While the season is still young, if the secondary cannot get its act together, the fearsome Big Ten quarterbacks that Northwestern will face down the road like Michigan’s Denard Robinson, Nebraska’s Taylor Martinez and Illinois’ Nathan Scheelhaase will have a field day at the Wildcats’ expense.
4. Northwestern needs to turn up the pressure.
One of the reasons Nassib was able to pass for as many yards as he did was the lack of consistent pressure put on him by the Northwestern defense. The Wildcats only sacked Nassib once and consistently gave his wide receivers ample opportunity to stretch the NU defense.

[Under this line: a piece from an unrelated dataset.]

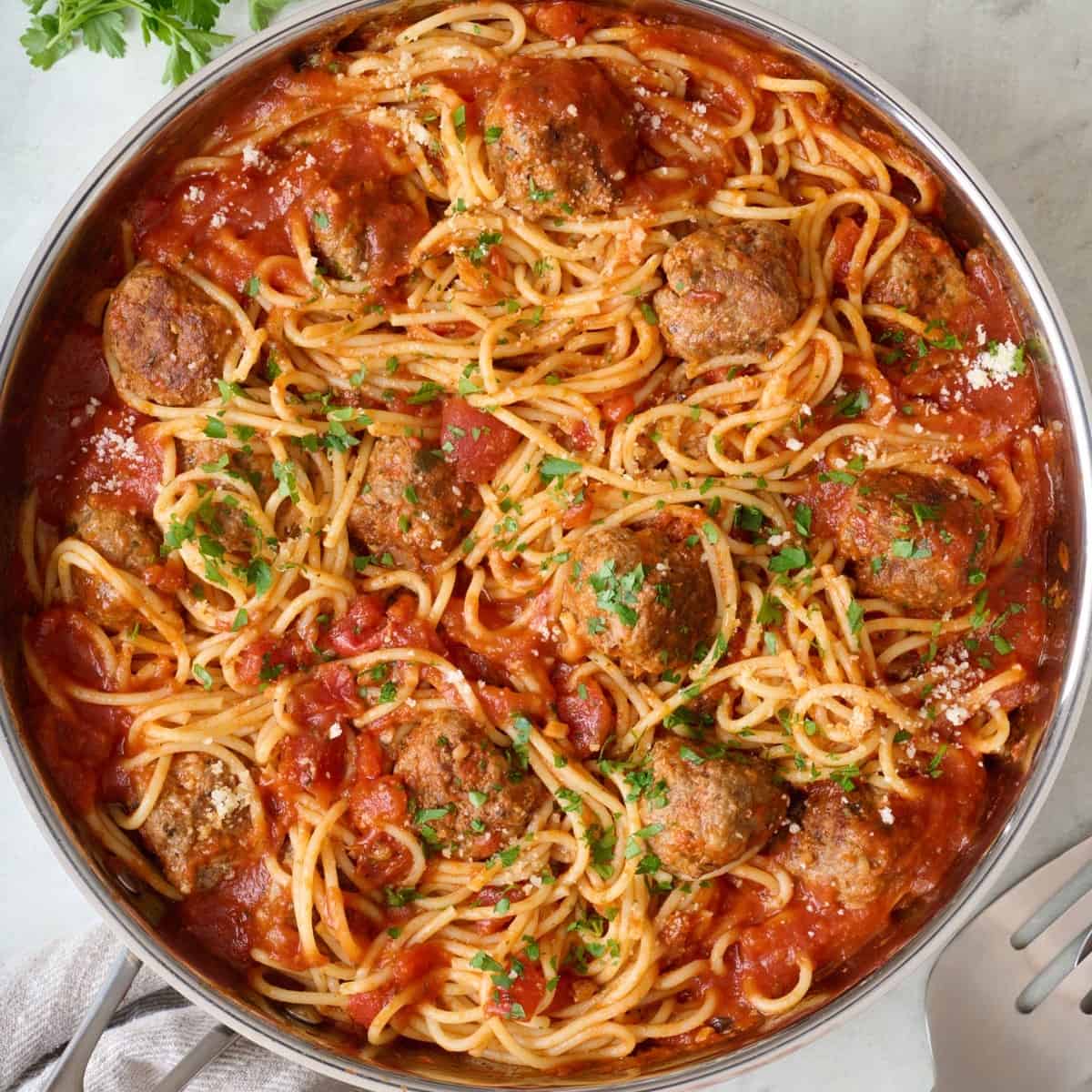 Spaghetti and meatballs after tossing together in skillet.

Because of the lack of secondary depth, Northwestern’s linemen and linebackers will have to compensate by getting to the opposing QB early and often. If they don’t, it’s going to be a long season for the Wildcat faithful.
Northwestern opens its home schedule this Saturday, Sept. 8 against the Vanderbilt Commodores at 7 p.m. Central Standard Time.
Like NU, Vanderbilt is no longer the doormat, brainiac team in an elite conference, as the Commodores gave their SEC counterpart, No. 9 South Carolina Gamecocks, a scare on Thursday. They lost 17-13, due in part to a missed pass interference call on the Gamecocks.
It’s hard to predict how this game will pan out, especially with the uncertain status of Colter, but one thing is for sure: It’ll be a lot more entertaining than it would have been 10 years ago.